Skim Engine Updates: Address Extraction

Skim Engine Updates: Address Extraction

Updates with our customers in mind


The main advantage of our address model is its ability to accurately detect and extract addresses from any web page.
With this new feature of the Skim Engine we are trying to provide solutions to the absence of address detection model in either open source or commercial form.

Technical approach


Our new address feature was developed by following a two-step approach: first, we developed an address detection model, i.e., a Machine Learning classification model that predicts which blocks in a web page are likely to contain an address; then, we combined it with an address parser in order to extract the components of the address (e.g., road, postcode, city, country).

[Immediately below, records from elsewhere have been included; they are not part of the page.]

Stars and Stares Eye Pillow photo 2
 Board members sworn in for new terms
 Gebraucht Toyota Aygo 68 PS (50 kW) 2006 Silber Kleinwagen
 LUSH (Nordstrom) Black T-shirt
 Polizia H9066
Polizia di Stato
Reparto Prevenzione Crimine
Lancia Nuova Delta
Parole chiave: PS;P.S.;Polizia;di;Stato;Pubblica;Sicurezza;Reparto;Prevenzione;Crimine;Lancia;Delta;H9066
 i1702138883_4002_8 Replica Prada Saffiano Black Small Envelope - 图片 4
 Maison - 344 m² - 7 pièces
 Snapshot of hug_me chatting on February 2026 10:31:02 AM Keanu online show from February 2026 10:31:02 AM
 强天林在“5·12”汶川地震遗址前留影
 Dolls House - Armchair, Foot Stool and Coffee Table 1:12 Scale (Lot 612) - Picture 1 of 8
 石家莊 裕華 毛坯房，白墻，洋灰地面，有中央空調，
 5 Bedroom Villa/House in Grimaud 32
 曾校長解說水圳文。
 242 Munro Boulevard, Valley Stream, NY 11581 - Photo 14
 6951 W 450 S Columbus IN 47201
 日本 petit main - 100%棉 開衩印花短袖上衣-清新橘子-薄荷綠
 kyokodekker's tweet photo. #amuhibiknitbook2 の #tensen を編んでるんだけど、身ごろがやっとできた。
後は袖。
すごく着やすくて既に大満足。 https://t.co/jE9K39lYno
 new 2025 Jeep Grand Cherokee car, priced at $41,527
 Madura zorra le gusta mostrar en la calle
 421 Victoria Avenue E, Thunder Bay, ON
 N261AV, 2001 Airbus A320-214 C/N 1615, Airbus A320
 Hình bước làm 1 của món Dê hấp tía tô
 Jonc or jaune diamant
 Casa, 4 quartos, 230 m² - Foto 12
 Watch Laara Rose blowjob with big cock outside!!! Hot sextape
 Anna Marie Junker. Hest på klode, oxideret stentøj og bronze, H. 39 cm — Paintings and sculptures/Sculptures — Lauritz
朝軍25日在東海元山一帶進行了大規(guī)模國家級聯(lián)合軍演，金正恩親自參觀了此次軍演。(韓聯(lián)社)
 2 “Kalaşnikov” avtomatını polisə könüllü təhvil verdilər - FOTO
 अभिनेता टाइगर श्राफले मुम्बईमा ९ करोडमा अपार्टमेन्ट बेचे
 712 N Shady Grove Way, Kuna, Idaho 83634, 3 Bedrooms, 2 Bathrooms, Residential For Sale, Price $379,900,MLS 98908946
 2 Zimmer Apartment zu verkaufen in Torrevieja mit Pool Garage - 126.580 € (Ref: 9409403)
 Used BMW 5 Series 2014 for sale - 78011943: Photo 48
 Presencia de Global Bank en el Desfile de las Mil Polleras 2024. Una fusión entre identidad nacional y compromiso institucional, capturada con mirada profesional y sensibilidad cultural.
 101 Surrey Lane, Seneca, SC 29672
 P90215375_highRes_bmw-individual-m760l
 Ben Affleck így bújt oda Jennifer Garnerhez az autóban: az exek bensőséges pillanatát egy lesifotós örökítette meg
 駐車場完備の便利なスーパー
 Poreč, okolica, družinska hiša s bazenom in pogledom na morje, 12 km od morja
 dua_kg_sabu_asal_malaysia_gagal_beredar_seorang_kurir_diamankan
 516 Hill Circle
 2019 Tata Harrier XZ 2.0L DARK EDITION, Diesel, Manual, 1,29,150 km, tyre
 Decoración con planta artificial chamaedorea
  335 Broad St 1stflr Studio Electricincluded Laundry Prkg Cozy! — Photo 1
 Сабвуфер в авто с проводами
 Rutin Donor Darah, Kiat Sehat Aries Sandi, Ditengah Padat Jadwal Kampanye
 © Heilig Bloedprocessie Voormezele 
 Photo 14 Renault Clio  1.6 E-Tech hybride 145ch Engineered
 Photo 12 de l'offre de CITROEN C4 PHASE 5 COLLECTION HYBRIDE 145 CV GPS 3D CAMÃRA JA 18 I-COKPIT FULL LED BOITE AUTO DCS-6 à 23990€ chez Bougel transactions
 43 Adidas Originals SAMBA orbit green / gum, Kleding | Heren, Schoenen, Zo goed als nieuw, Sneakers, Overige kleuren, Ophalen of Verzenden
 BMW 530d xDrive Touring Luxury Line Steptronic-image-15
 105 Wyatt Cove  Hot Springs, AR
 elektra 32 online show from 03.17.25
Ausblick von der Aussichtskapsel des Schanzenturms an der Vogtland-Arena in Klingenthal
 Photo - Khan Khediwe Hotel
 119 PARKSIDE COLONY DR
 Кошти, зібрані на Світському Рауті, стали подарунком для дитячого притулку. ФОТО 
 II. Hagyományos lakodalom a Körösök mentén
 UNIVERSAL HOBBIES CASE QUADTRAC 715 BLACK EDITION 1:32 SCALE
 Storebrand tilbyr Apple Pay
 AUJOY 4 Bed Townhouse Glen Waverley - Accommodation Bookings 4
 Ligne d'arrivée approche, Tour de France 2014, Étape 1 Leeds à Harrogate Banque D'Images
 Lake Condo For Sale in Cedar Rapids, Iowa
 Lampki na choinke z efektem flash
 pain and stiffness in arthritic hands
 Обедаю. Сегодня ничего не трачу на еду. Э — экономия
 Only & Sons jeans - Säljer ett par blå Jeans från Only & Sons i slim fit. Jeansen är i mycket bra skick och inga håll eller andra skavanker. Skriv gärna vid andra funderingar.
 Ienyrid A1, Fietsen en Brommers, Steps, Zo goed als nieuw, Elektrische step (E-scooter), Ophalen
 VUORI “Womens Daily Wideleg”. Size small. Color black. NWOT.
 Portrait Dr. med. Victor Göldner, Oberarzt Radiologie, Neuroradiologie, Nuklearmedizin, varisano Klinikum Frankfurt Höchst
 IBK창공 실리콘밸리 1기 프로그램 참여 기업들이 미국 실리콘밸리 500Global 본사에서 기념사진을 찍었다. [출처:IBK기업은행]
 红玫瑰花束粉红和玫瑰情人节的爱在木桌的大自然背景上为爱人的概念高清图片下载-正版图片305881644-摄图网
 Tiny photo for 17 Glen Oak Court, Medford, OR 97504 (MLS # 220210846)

We framed the problem of detecting address blocks from web pages as a Machine Learning classification problem. Thus, the goal was to predict if a given HTML block contained an address or not. To do so, we devised a holistic set of features to provide the Machine Learning algorithm with the information needed to accurately perform the task. This set included HTML-based, NLP-based, and domain-knowledge inspired features. We also had to account for the natural imbalance of the data (i.e., the proportion of address blocks to non-address blocks in web pages is typically low) and adopt smart strategies to balance out the training dataset. The final address detection model achieved a very good performance on new/unseen webpages (the F1 measure of the address class is above 90% on the test set).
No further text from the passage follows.